EXERCISE REQUIREMENTS.
Only the lines of the data below from the one with "金ボタンが映える上品カーディガン | coca | 詳細画像20" through the one with "Odpovede na často" are wanted. Repeat them exactly.

SOURCE DATA.
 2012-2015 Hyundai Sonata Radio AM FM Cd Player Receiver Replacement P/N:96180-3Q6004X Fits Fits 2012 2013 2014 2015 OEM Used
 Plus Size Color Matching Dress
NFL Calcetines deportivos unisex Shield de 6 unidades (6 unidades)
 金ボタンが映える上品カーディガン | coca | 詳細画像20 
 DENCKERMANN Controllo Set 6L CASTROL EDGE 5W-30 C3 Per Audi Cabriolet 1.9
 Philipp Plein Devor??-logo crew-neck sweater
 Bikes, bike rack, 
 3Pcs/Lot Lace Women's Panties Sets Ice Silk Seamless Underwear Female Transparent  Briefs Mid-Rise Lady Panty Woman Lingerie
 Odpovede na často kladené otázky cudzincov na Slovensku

==

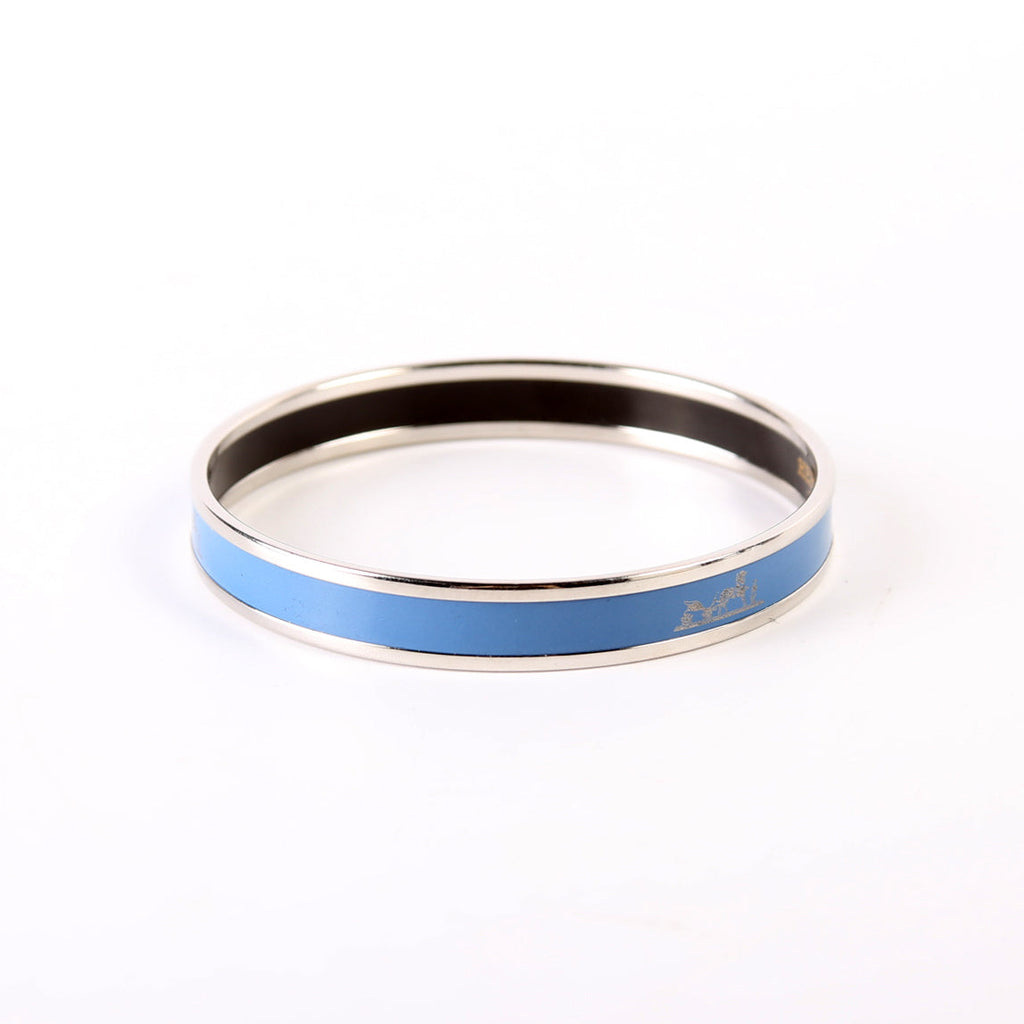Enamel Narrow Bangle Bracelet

TASK OUTPUT.
 金ボタンが映える上品カーディガン | coca | 詳細画像20 
 DENCKERMANN Controllo Set 6L CASTROL EDGE 5W-30 C3 Per Audi Cabriolet 1.9
 Philipp Plein Devor??-logo crew-neck sweater
 Bikes, bike rack, 
 3Pcs/Lot Lace Women's Panties Sets Ice Silk Seamless Underwear Female Transparent  Briefs Mid-Rise Lady Panty Woman Lingerie
 Odpovede na často kladené otázky cudzincov na Slovensku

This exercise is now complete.